DG: I’m sorry, Zsolt, that wasn’t my best performance. But Erdei is a very good boxer as everybody knows, I’m very proud to have been able to beat him and prove that I’m a world-class fighter.
That fight was a mess. First they told us that the fight wasn’t going start earlier than 10:00 p.m., and then they called us around 9:30 saying that we had to go to the fight so I had to hurry up and I didn’t even warm up. If you notice, I even put my trunks backwards, so it took me three rounds just to warm up in that fight and also I had a bruised rib one week before the fight and I was only able to run light to keep my conditioning but in the end everything went well.
AW: Prior to facing Erdei you upset streaking Ismayl Sillakh with a come from behind KO and also gave Lucian Bute plenty of trouble. What would you say about those fights?
DG: That just proved what I said before… that I’m a world-class fighter. With the Sillakh fight, I followed my game plan, which was to put a lot of pressure and eventually knock him out, and we did it.
With Bute, I did the same thing, hurting him a couple times, but he was good enough to survive. I won that fight in everybody’s eyes but the judges.
AW: You’re originally from Chaykovsky, Russia. Can you tell us about your early years growing up?
DG: It was a usual sporting life. School and kickboxing, home and kickboxing, eat and sleep and kickboxing again.
I’m from a small town with a lot of countryside and rivers with only 100 thousand people. My neighbourhood was the poor part of the town but I couldn’t ask for a better family than mine. I was very happy growing up with my year-older brother, Artem. I had also a very good kickboxing team. They helped me a lot and they were like my second family. I invited my old coach to my fight in Monaco.
AW: You had extensive career in kickboxing before turning to boxing, could you tell us a little about that?
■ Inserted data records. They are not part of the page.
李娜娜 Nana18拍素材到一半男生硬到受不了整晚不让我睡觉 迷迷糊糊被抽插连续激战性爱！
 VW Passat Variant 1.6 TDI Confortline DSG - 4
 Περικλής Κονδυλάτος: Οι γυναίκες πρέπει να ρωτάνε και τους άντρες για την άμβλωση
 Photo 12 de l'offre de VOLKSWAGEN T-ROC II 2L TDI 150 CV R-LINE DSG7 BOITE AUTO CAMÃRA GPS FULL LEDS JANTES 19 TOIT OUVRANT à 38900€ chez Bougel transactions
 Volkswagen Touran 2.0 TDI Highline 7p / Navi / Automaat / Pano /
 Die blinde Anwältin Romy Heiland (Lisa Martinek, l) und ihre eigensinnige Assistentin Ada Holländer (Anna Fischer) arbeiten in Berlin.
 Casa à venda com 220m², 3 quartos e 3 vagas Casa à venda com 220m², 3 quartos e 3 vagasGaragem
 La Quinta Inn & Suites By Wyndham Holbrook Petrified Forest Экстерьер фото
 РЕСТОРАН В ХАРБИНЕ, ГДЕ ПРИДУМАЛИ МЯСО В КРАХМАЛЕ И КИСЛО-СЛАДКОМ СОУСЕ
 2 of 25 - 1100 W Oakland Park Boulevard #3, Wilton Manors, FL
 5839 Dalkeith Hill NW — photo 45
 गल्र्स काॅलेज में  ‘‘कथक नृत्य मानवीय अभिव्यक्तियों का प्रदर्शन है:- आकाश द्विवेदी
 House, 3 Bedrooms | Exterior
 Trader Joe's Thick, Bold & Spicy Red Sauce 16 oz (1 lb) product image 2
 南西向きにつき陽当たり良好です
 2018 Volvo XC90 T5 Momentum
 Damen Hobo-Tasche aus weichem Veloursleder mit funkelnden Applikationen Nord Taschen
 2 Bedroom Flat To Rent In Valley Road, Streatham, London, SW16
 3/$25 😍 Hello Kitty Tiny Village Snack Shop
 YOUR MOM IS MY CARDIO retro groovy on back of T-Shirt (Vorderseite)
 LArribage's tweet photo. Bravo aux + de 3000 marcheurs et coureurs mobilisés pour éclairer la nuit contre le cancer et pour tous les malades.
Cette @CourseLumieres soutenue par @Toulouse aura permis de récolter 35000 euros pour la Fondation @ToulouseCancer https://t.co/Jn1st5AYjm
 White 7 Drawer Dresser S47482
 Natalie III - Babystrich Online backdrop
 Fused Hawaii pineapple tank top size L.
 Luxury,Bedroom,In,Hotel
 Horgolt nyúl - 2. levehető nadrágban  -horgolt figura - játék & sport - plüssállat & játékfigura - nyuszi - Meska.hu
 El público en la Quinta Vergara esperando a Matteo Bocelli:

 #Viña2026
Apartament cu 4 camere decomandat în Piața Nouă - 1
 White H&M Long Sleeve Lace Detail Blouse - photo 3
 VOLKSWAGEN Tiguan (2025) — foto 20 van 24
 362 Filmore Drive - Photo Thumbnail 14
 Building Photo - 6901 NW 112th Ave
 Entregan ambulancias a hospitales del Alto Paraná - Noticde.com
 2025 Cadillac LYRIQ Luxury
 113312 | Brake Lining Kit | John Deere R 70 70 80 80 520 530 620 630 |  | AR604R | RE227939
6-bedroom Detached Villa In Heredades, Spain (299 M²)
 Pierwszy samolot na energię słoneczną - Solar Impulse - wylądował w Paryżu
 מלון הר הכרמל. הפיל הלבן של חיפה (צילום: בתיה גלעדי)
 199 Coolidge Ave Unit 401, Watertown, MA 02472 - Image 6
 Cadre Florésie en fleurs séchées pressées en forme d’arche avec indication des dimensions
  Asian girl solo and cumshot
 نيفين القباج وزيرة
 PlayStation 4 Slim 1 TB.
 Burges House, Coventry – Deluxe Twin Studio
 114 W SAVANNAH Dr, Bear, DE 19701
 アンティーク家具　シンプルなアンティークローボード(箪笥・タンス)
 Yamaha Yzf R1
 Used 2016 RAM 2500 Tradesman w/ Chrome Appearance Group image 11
DG: I started at 14 years old and I won my first junior world championship at (the) age of 15. After that my life plan changed and the kickboxing become the priority – kickboxing and school, kickboxing and home and kickboxing again, then eat and sleep.
I won many national and international medals at full-contact, light-contact, and low-kick competitions.
AW: Though you are Russian you live in San Diego, Calif., now. How did this come about?
DG: Back in 2005, I won the world championship in kickboxing and after that I had an offer to come to USA to fight for City Boxing Gym in San Diego, which is owned by Mark Dion, who became my manager and brought me to where I’m right now.
AW: How did you come to leave kickboxing and take up boxing?
DG: After I came to USA I realized that there was nobody to fight kickboxing and I always loved boxing and Mike Tyson, so it was an easy transition.
AW: What are your thoughts on the light heavyweight division and the current champions (THE RING/WBC) Adonis Stevenson, (WBA) Beibut Shumenov, (IBF) Bernard Hopkins and (WBO) Nathan Cleverly?
DG: I must break them all!
Adonis Stevenson, I just watched his last fight and he was looking so happy and that shows me that he got lucky. Bernard Hopkins, he is a legend, he has nothing to prove but he better retire before I put my hands on him. Cleverly and Shumenov, I can beat both at the same time.
AW: What do you enjoy doing away from boxing?
DG: My hobby now is my 2-year-old daughter Matilda. She takes all my time off. I like camping and playing my guitar. I can’t play yet but my coach Baruch is teaching me.
AW: In closing do you have a message for Edwin Rodriguez?
DG: I must break you too. I’m crazy, I’m crazy (laughs).